Skeletons and carcasses surround us. No, not the spandex, rubber, and cake makeup kinds. Real ones. The dead season is here and while as a city-dweller I was largely insulated from it, I can’t help but pay attention out here.
The flies staked out the entryways the last few weeks, desperate to get into the warmth. They drove my partner crazy and even though I told him they would be gone very soon, he bought some flypaper anyways. He never had the chance to hang it. They are all dead now.
The two aspens that preside over our front steps have been stripped bare. The glory of autumn is very short and limited in the mountains. Our canyon displays a range of golds, but none of the crimson and brick and auburn and merlot of an autumn in the Adirondacks or the Catskills. And now, even the mustard and the saffron and the dandelion are gone.
Perhaps it’s unfair to feel cheated by the monochrome fall. The evergreens that dominate the landscape are, after all, ever green. The peaks of our 14ers rise high, glistening towers of unpolluted white punctuating the cornflower blue sky and brilliant yellow sun that remain unshrouded 300 days each year. We never have to slog through the muddied snow that darkens sidewalks and yards in the northeast from November through April.
Yet the ever-present cold grey rock outcroppings that punctuate our hillside and the colorless dust from the hard earth that permeates our homes and coats our cars and balconies in the summer rob us of the verdant landscape that justifies our friends’ and relatives’ decision to remain in Yankee territory year after year. So, yes, I feel sad when the aspens lose their wings and leave only their eldritch branches casting unwelcoming shadows in the early dusk.
But death here isn’t limited to the change of season. The few flies that dared venture inside during the warmer months became an organic snack for our feline companion. And the 15 by 9 wall of plate glass on the south side of the house has claimed a victim or two. About the latter, I feel somewhat guilty, though logic tells me I shouldn’t. I’ve seen just as many bird carcasses on the forest floor during my walks, far away from the inscrutable deception of spotless glass. But then, the most beautiful magpie has been my loyal companion for the past seven weeks and I fear what will happen to him as this, the most inhospitable of seasons sets in.

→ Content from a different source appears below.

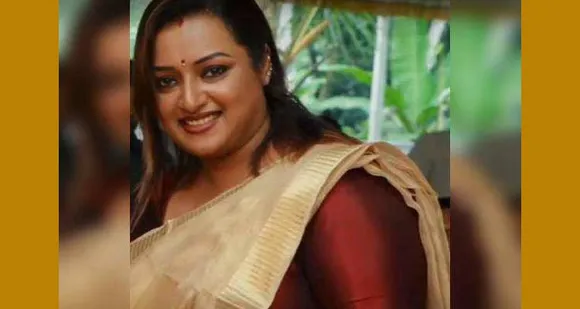 മന്ത്രിമാര്‍ക്ക് പുറമെ സ്വപ്‌നയുടെ ചാറ്റില്‍ ക്യാബിനറ്റ് റാങ്കുള്ള ഉന്നതനും ! ഉന്നതനു കുരുക്കാവുന്നത് അസമയത്തടക്കമുള്ള വാട്ട്‌സ്ആപ്പ് ചാറ്റും വീഡിയോ കോളും ! പിണറായി സര്‍ക്കാരിന് പുതിയ തലവേദനയായി സ്വപ്‌നയുടെ ഫോണ്‍ രേഖകള്‍ ! രണ്ടാം മന്ത്രിയെയും ഉന്നതനെയും എന്‍ഐഎ ഉടന്‍ ചോദ്യം ചെയ്യും ?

So, as penance, I won’t kill even the smallest insect that crawls through the cracks in the adobe. They are welcome to roam around, if they leave me alone. If not, I gently sweep them outdoors. There should be no killing for the sake of killing. But as an omnivore, I suffer no delusions as to the origins of my sustenance. Thanksgiving is in sight on the calendar and I have seen a wild turkey or two roaming my hillside.